Well-Written but Flimsy
The Vanishing Point (by Bushra Hafeez) is a small-town-with-dark-secrets crime mystery tale. As soon as I started reading it, I was struck by the competence of the writing style, which is remarkably smooth and melodious and moody. The words flow with effortless precision, and the book is worth the read just to experience this verbal mastery.
But alas, then there’s the story. Suspenseful and riveting it is not. For a crime mystery, things fall into place much too easily. Clues turn up as needed like serendipitous clockwork. And the characters have industrial-strength luck in getting out of tight scrapes, so much so that the reader never has an inkling that they could fail. And as for the secret horror they ultimately confront, think of the melodramatically worst thing you can imagine and this will rival it in terribleness, but it is treated so antiseptically that it is drained of its shock value.

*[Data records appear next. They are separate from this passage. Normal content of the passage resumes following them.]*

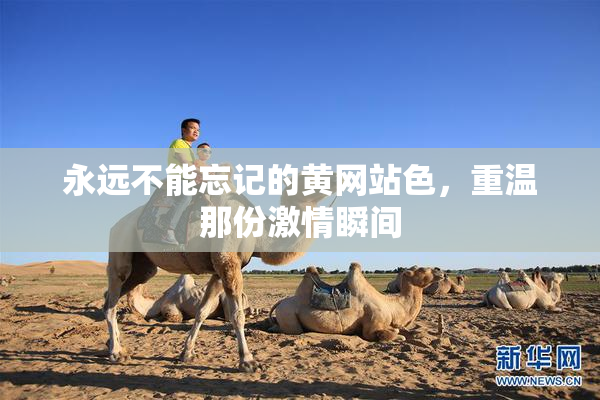 永远不能忘记的黄网站色，重温那份激情瞬间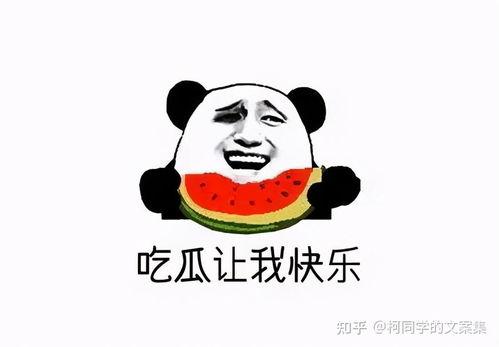 吃瓜的都是真的吗,真相还是谣言？  第1张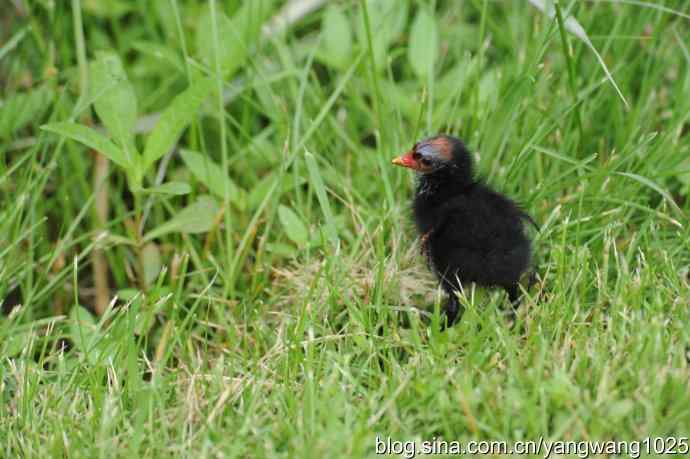 北京奥林匹克公园的鸟类——黑水鸡 2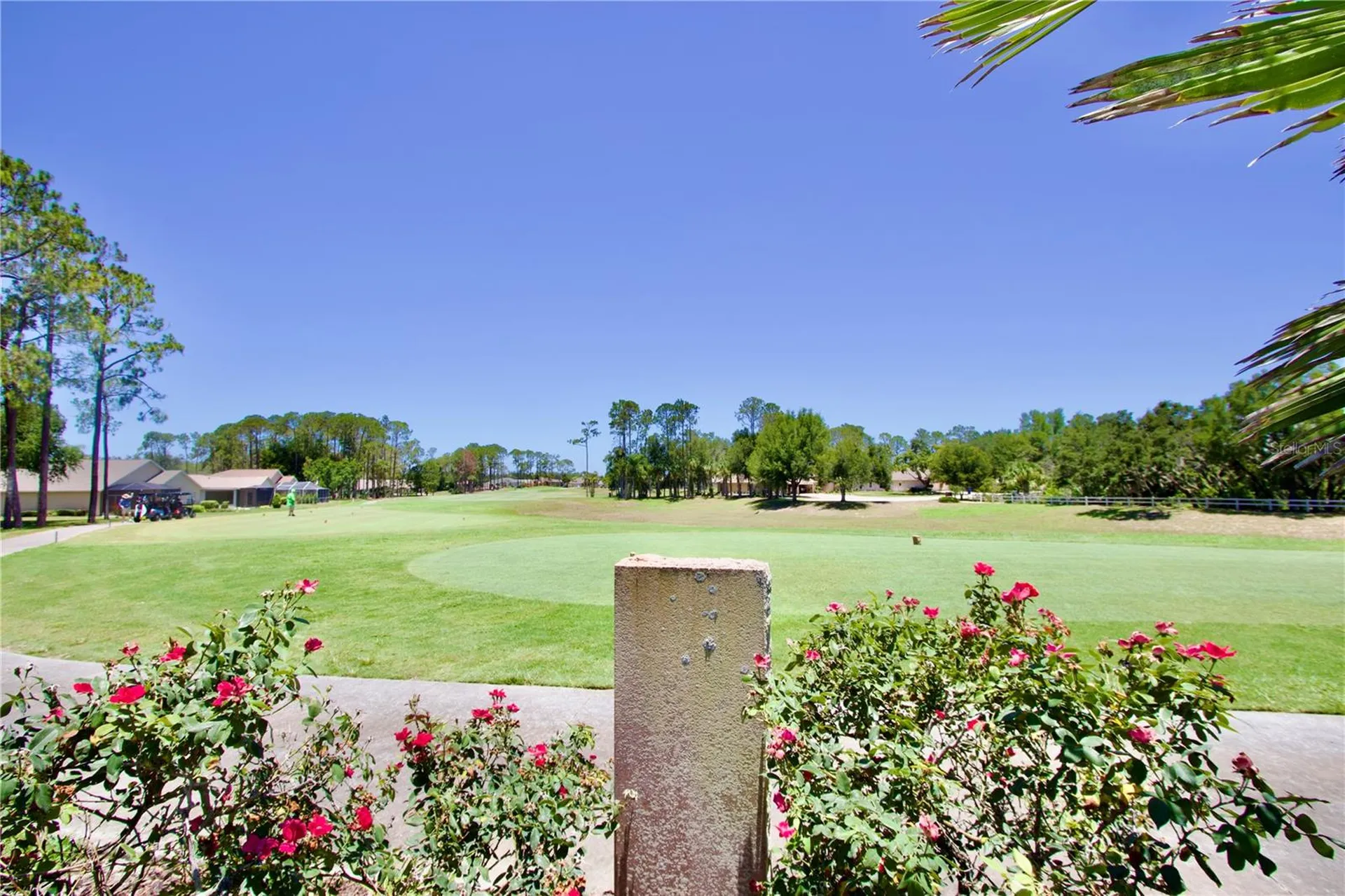 11205 Edge Park Drive Hudson FL 34667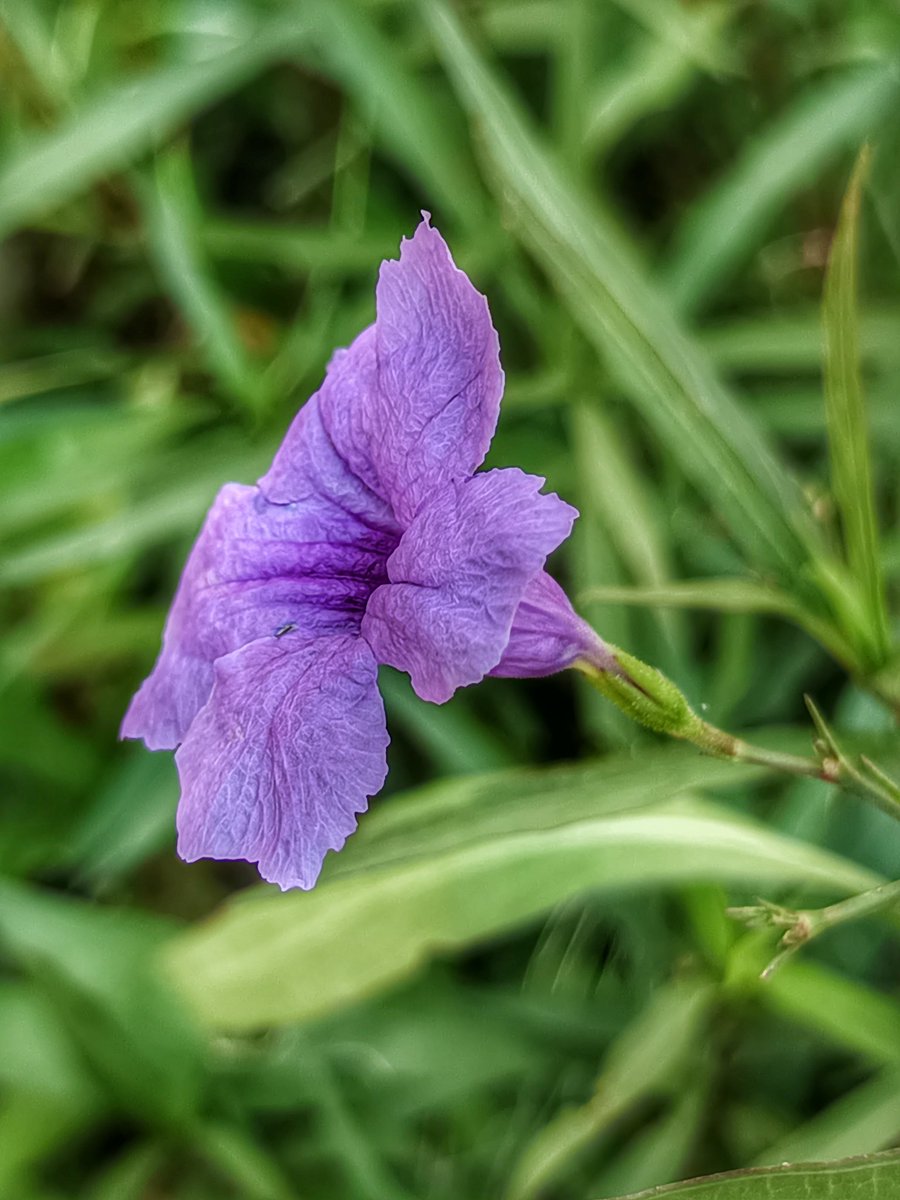 niileshraichura's tweet image. Fill the TL in purple.. 💜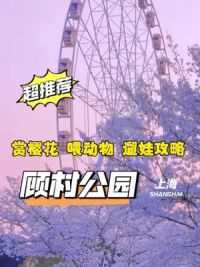 清明假期来顾村公园赏樱花，公园+东方鸟世界门票49.9#上海遛娃好去处 #上海周末去哪儿 #亲子游玩好去处 #周末去哪儿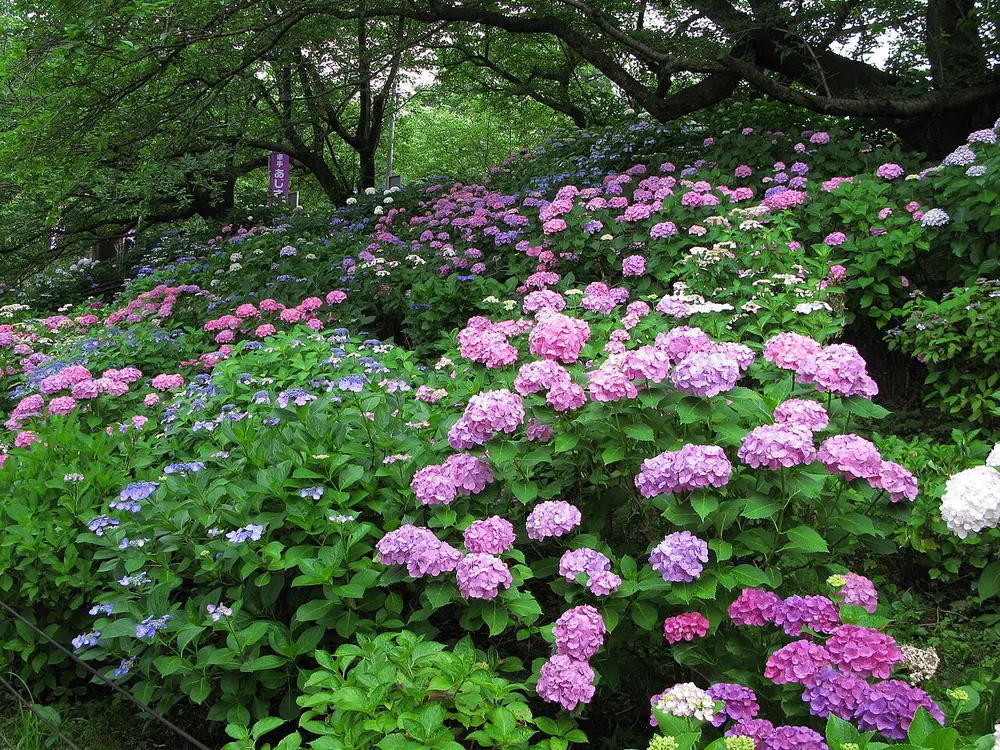 県営権現堂公園 あじさいまつり(会場のイメージ)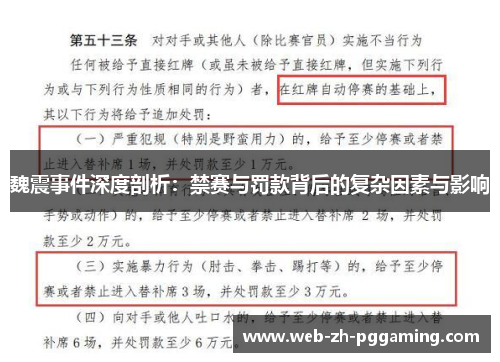 魏震事件深度剖析：禁赛与罚款背后的复杂因素与影响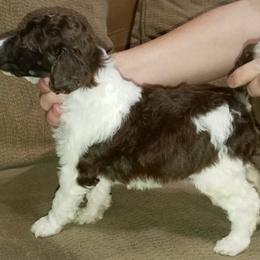 Poodle Puppies from Reeves Family Standard Poodles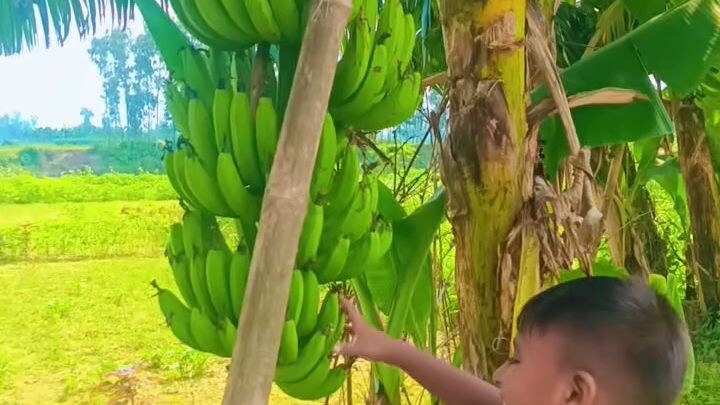 কলা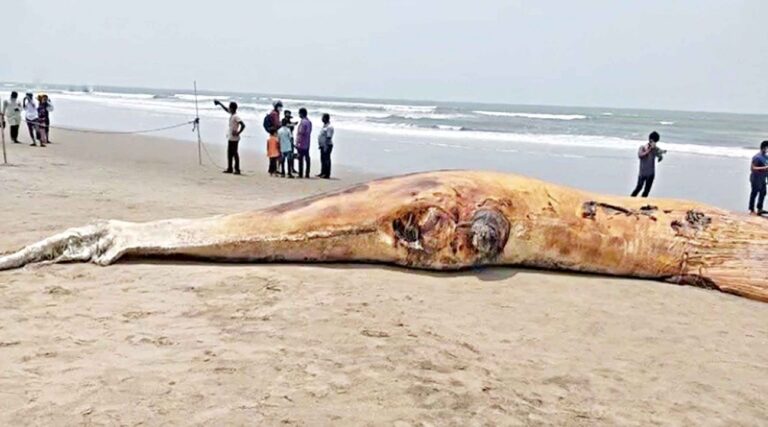 2番目のクジラの死骸が岸に打ち寄せる
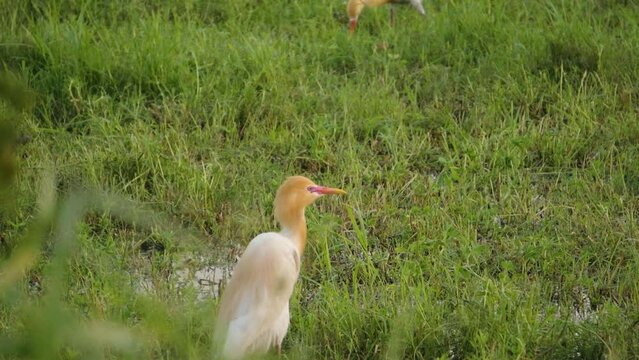 Cattle Egret or Bubulcus ibis in farmlands of north india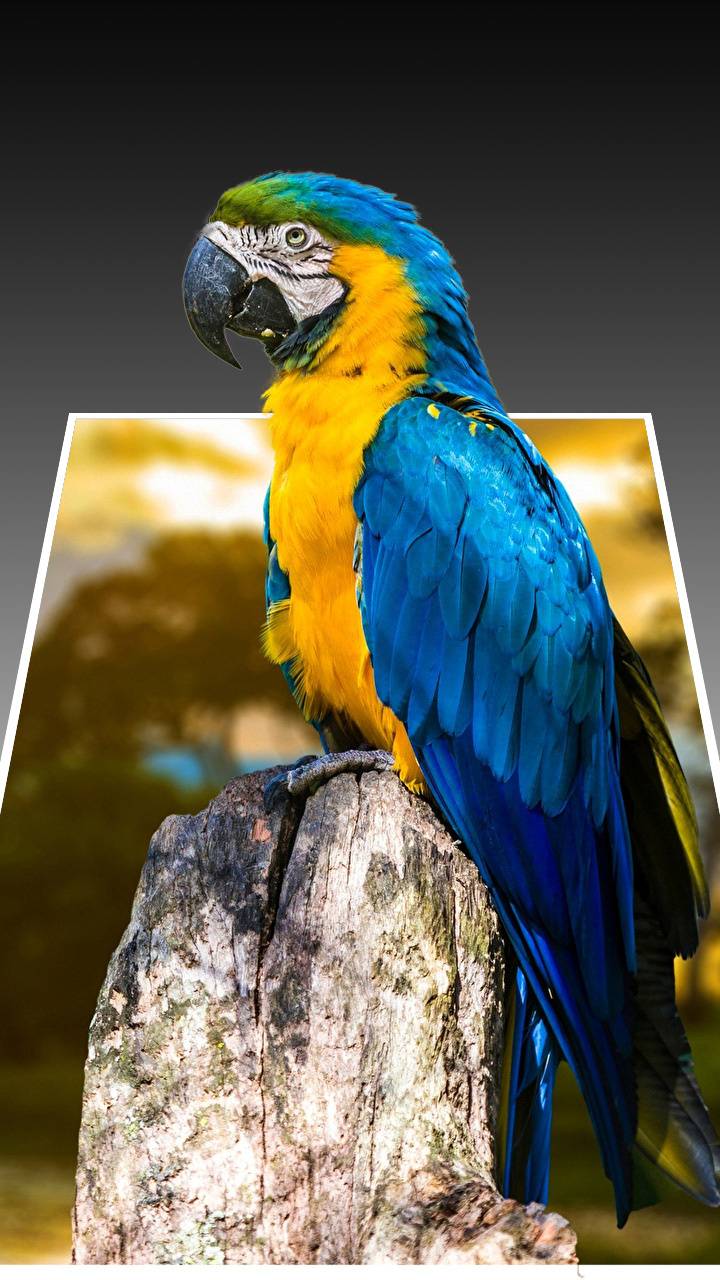3D Parrot Wallpapers   Top Free 3D Parrot Backgrounds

The love life of the protagonist, or at least any physical manifestation of it, is similarly shortchanged. The typical reader of today will hardly be satisfied with her incredibly chaste relationship with her fiancé (though perhaps the idea is to offend no one’s sensibilities whatsoever). The guy pops the ring toward the beginning of the story before there is any sense that she has passionate feelings for him, though she instantly accepts his offer. Then he only hugs his newly betrothed once or twice throughout their entire adventure, and they never kiss at all, though they do finally get around to holding hands after their marriage near the story’s end.
Five stars for the author’s great way with words, but the less-than-realistic and less-than-thrilling story drags this crime mystery’s score down.